Earlier posts (in Russian):
- Shannon entropy and data compression. Part 1 (theory)
- Shannon etropy and data compression. Part 2 (example)
- Kolmoorov-Levin structures (theory)
- The notion of reproducible code (theory)
- On specifications and cryptographic hashing. Part 1 (theory)
- On specification and cryptographic hashing. Part 2 (example)
Discussion
From Table 3 in the previous post the following can be seen:
- Machine code is algorithmically simple (with a relatively low Kolmogorov complexity K) because the program length is a fixed value, independent of the data size (the size of an image file supplied as input to the program can be very large). When estimating the length of the shortest program implementing the SHA-256 algorithm, the compiler adds a term Ccomp, independent of the data; this is the computational overhead for optimizing the code executed by the operating system. Kolmogorov complexity of the program code is low, although the program code itself as a sequence of symbols is statistically complex, as evidenced by the relatively high value of its Shannon entropy.
- Note also that the entropy of machine code is higher than that of C code. This is expected, since machine code should have less structural redundancy than human-readable programming languages
- It is also worth noting that the entropy of program code, regardless of the implementation language, never reaches its maximum: a language invariably contains redundancy and ambiguity. Any linguist will tell you this. It was not our goal to prove this in general. Here we can only confirm it based on the results of our study.
- Even a relatively simple algorithm for computing a hash for a data file has both a relatively high Shannon entropy and a relatively low Kolmogorov complexity, and thus passes the design test.
- At the same time, our data isn't classified as designed.
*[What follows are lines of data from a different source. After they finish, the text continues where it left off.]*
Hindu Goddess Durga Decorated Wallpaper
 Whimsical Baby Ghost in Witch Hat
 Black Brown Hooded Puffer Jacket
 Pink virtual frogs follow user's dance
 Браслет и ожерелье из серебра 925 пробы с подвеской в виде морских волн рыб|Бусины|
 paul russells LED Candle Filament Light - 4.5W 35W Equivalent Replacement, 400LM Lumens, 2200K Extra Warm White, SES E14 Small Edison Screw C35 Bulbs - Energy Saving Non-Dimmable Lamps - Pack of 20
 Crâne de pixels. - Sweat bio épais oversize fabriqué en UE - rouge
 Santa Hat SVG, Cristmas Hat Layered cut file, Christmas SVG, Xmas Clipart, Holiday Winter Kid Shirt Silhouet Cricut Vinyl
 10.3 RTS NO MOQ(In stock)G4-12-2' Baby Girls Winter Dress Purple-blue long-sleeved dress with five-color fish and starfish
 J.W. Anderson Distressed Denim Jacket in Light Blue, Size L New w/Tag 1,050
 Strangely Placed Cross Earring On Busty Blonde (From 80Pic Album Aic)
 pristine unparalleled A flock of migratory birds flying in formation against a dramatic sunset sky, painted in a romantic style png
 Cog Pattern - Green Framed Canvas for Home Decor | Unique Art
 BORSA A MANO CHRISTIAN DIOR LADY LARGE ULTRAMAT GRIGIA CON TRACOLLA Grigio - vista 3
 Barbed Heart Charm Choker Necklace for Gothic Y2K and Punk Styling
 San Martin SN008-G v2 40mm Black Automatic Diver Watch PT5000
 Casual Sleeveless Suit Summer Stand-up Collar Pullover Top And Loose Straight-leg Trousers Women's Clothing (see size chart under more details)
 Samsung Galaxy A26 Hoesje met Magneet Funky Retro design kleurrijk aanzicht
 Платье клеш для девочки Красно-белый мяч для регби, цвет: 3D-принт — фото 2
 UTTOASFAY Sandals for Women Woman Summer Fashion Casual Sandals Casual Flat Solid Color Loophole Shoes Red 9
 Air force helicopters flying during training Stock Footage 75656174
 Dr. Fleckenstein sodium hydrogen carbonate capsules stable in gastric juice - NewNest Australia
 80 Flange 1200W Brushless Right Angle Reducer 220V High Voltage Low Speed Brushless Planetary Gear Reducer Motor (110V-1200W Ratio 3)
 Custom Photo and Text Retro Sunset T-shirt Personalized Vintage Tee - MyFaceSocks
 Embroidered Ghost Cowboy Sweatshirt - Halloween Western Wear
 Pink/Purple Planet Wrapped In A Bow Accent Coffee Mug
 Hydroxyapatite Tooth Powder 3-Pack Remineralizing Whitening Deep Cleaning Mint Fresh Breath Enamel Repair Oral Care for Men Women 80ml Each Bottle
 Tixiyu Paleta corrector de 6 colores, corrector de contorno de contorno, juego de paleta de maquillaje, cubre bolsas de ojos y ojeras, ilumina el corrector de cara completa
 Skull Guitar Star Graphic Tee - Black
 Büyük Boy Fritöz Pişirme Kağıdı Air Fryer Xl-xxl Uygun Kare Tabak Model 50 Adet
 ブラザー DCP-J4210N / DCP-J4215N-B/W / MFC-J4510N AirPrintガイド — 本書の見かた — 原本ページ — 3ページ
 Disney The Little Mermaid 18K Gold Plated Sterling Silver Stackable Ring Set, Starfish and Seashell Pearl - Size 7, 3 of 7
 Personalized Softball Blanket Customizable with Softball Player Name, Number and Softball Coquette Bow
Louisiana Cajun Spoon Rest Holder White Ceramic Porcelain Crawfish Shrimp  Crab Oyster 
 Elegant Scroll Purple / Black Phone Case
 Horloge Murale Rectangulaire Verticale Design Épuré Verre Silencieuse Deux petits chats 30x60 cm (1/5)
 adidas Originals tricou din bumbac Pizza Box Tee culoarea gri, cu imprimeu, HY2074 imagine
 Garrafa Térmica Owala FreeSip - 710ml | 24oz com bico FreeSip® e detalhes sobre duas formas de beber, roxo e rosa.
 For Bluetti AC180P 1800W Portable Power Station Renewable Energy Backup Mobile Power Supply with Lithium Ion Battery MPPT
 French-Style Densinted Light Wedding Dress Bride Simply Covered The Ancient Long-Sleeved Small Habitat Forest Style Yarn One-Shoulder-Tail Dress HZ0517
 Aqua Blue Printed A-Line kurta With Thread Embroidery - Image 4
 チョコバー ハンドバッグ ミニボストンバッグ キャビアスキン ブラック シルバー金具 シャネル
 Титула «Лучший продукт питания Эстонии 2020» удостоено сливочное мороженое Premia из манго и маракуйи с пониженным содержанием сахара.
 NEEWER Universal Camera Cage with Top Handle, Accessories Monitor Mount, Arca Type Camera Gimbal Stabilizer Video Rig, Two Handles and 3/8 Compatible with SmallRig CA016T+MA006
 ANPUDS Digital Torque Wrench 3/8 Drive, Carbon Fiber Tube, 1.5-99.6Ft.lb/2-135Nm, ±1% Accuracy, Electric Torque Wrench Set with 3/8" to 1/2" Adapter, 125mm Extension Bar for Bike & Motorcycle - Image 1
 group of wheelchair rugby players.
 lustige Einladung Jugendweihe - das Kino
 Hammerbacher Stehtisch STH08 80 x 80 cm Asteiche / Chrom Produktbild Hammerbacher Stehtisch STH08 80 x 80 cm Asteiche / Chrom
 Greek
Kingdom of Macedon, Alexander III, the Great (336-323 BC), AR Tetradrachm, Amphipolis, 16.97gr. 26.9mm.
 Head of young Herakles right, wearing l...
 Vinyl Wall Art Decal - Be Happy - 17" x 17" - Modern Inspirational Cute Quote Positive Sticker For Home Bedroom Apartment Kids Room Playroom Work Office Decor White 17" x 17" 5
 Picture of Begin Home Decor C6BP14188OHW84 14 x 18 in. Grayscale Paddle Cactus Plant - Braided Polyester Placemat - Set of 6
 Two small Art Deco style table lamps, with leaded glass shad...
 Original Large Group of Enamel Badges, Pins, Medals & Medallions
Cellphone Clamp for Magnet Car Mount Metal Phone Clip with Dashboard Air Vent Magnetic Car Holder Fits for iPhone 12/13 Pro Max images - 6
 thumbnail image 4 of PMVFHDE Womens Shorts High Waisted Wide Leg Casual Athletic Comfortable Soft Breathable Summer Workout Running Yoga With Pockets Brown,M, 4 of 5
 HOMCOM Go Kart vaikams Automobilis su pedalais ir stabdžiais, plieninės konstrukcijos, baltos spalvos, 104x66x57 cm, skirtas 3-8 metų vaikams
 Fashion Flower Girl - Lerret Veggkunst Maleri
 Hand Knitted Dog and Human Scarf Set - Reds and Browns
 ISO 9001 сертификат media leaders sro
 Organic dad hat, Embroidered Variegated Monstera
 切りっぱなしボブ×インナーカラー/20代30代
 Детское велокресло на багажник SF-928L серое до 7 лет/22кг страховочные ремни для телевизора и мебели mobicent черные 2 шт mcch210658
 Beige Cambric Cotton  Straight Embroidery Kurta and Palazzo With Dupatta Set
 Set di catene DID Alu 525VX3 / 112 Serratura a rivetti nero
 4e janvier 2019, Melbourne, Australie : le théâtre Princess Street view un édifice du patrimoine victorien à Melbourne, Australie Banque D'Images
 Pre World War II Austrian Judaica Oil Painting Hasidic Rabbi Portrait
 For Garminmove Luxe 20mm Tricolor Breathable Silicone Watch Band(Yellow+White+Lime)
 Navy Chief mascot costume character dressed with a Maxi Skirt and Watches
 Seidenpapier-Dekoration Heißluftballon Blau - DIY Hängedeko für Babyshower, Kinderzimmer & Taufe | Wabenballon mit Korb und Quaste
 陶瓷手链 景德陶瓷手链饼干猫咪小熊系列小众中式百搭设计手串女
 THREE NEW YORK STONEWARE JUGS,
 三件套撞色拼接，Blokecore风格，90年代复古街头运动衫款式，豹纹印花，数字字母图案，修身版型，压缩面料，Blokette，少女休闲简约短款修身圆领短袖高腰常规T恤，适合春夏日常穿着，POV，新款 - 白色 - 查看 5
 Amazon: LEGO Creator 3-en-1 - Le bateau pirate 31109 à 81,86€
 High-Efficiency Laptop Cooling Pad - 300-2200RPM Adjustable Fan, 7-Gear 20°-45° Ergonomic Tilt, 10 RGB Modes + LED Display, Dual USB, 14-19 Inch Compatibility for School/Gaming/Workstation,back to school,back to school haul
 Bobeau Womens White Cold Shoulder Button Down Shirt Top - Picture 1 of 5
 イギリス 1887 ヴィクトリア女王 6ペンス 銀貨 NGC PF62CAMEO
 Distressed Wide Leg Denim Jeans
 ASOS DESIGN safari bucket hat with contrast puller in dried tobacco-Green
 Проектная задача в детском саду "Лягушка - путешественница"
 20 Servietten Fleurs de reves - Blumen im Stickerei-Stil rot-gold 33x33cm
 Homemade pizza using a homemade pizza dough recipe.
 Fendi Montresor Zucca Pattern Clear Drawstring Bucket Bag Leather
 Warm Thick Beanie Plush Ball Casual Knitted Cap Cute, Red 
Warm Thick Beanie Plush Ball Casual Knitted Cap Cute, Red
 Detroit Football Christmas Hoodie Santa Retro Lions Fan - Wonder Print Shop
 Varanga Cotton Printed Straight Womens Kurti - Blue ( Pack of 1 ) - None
This is also expected, as the data in both files represents the results of random processes: paint drips on paper and black-and-white image noise.
Randomness is constantly manifested in nature. Specificity (regularity) is also constantly manifested. However, in naturally generated configurations of matter, randomness and specificity represent the two extremes of a spectrum of the effects of unintelligent causation (see Table 1):
- Descriptions of random weakly compressible configurations of matter are characterized by high complexity and low specificity;
- Regular structures are characterized by low complexity (they are highly compressible) and high specificity;
In contrast, the signature of specified complexity:
complexity (relatively high Shannon entropy) + specificity (relatively low Kolmogorov complexity)
is a reliable practical classification rule for design.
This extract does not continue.